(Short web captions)
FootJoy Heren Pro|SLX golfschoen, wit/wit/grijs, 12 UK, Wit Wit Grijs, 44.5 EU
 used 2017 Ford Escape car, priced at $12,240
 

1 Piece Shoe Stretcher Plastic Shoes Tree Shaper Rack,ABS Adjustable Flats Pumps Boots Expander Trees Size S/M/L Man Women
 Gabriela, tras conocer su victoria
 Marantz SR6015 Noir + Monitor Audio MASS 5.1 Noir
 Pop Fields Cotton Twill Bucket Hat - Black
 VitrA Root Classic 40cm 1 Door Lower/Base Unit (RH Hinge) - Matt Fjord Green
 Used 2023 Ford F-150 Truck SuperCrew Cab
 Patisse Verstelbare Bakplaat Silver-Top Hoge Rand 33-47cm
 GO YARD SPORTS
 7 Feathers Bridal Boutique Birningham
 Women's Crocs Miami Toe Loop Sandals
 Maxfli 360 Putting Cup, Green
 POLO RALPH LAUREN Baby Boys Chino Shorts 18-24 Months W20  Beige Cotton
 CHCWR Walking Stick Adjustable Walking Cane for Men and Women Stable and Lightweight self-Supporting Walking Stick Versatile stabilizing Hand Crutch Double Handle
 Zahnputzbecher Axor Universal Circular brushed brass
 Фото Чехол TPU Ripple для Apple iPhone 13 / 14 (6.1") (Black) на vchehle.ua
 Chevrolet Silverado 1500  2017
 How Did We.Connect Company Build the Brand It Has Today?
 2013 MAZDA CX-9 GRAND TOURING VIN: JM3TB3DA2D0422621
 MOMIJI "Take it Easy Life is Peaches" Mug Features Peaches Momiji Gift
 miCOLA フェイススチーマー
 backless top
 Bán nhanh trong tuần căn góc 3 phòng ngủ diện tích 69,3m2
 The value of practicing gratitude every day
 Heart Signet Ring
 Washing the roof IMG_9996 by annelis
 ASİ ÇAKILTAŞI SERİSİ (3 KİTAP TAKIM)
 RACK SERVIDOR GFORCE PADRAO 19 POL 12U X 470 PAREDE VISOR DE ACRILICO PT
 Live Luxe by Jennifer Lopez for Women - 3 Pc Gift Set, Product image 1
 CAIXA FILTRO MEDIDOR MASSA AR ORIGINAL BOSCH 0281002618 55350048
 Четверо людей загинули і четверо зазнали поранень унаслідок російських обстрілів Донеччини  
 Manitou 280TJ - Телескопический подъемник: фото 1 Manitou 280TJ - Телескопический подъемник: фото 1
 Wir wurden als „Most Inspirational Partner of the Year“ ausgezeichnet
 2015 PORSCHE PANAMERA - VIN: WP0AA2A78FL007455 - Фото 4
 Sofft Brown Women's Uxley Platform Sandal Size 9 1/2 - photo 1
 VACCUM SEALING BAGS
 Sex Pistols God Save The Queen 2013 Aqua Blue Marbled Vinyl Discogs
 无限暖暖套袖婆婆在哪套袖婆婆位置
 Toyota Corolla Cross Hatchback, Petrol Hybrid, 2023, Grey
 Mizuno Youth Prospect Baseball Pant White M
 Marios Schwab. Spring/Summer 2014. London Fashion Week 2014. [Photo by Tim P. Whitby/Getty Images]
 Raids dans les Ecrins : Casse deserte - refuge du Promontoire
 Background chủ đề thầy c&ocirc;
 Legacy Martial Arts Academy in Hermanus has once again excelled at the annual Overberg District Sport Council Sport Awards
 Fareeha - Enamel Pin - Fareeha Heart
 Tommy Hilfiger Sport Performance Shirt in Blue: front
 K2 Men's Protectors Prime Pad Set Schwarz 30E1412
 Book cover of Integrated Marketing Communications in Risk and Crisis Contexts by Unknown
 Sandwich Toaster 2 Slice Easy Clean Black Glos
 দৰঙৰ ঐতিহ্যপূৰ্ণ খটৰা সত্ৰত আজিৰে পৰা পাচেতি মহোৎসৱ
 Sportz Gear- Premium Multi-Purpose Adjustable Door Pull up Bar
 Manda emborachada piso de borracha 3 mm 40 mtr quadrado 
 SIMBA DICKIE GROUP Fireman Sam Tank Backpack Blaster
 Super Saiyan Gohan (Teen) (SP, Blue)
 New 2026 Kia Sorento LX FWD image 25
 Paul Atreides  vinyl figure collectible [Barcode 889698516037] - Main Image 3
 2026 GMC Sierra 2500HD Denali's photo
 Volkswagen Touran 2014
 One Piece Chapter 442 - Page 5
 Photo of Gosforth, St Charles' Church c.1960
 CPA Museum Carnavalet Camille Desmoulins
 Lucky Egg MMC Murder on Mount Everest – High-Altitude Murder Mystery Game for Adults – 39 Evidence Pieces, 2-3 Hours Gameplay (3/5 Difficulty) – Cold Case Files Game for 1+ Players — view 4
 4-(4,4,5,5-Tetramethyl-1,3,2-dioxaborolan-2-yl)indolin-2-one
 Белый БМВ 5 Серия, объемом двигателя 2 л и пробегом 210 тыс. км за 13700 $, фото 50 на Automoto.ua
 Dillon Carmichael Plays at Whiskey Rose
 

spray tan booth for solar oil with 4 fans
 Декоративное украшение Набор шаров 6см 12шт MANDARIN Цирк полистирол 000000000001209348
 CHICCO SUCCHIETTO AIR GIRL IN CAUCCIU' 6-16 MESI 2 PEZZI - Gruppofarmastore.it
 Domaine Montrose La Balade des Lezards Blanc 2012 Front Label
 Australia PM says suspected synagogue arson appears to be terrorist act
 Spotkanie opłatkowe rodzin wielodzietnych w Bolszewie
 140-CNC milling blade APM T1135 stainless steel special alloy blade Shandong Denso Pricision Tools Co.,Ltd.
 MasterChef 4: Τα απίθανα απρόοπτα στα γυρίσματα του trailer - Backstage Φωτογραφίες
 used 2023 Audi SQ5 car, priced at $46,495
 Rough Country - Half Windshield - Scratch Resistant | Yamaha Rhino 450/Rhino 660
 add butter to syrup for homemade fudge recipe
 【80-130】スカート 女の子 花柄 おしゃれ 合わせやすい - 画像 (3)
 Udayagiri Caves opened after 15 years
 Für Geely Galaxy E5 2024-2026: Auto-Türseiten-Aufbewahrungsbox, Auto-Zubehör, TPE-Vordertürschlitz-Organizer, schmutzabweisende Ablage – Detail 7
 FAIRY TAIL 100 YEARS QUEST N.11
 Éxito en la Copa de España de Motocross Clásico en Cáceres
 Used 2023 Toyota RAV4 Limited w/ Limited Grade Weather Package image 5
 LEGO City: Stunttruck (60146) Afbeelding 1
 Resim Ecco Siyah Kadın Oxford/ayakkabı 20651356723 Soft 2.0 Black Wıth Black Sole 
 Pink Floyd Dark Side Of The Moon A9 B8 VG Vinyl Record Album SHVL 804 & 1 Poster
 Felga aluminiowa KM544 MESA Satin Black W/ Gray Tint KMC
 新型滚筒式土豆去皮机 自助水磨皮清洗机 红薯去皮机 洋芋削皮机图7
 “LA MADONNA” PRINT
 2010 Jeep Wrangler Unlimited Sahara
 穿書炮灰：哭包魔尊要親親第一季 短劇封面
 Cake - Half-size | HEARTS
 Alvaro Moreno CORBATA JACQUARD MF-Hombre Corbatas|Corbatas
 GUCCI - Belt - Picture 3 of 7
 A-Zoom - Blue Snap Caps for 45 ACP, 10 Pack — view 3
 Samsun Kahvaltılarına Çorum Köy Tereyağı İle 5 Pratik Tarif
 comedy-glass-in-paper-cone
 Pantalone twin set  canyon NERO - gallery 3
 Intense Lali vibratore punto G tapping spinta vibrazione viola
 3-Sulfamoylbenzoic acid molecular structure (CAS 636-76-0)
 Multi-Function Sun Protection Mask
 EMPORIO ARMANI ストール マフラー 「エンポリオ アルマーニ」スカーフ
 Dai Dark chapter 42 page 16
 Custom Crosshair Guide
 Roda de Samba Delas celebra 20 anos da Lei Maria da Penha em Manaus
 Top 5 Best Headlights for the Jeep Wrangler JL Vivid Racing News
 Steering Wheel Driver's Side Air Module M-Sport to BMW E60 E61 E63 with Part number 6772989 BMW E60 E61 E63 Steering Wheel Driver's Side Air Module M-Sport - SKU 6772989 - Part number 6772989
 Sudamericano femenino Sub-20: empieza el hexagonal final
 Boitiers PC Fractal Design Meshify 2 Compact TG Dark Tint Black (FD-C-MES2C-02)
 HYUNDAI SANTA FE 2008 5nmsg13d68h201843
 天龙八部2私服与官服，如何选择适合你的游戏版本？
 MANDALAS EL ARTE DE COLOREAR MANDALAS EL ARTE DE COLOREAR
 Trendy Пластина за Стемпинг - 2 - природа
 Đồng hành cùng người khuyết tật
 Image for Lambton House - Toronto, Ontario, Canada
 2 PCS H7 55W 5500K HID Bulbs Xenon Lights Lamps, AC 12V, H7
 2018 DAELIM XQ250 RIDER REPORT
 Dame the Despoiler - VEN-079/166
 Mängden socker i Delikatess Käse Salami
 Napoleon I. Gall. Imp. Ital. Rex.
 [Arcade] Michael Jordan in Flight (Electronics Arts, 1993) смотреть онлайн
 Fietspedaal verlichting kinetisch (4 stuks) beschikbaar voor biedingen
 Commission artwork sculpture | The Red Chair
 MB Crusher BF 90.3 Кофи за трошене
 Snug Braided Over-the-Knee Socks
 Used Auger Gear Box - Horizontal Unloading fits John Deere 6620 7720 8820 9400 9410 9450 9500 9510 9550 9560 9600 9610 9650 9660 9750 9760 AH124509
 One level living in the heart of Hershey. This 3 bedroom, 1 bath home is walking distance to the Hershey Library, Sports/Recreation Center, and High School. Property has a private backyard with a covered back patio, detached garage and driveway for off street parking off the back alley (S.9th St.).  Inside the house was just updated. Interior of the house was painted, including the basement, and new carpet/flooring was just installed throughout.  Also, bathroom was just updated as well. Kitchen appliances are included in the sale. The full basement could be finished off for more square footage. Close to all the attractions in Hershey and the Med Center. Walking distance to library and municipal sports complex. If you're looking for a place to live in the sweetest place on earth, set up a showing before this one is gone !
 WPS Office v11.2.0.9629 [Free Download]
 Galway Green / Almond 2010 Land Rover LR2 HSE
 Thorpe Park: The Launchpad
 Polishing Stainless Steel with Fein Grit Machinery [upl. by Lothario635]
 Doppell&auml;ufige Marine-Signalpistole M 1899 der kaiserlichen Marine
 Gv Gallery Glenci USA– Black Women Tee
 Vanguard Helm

● **Task brief**
The range runs from the line above containing "2026 GMC Sierra 2500HD Denali's photo" to the line containing "CPA Museum Carnavalet Camille Desmoulins", inclusive. Restate those lines word for word and no others.

● **Answer below**
 2026 GMC Sierra 2500HD Denali's photo
 Volkswagen Touran 2014
 One Piece Chapter 442 - Page 5
 Photo of Gosforth, St Charles' Church c.1960
 CPA Museum Carnavalet Camille Desmoulins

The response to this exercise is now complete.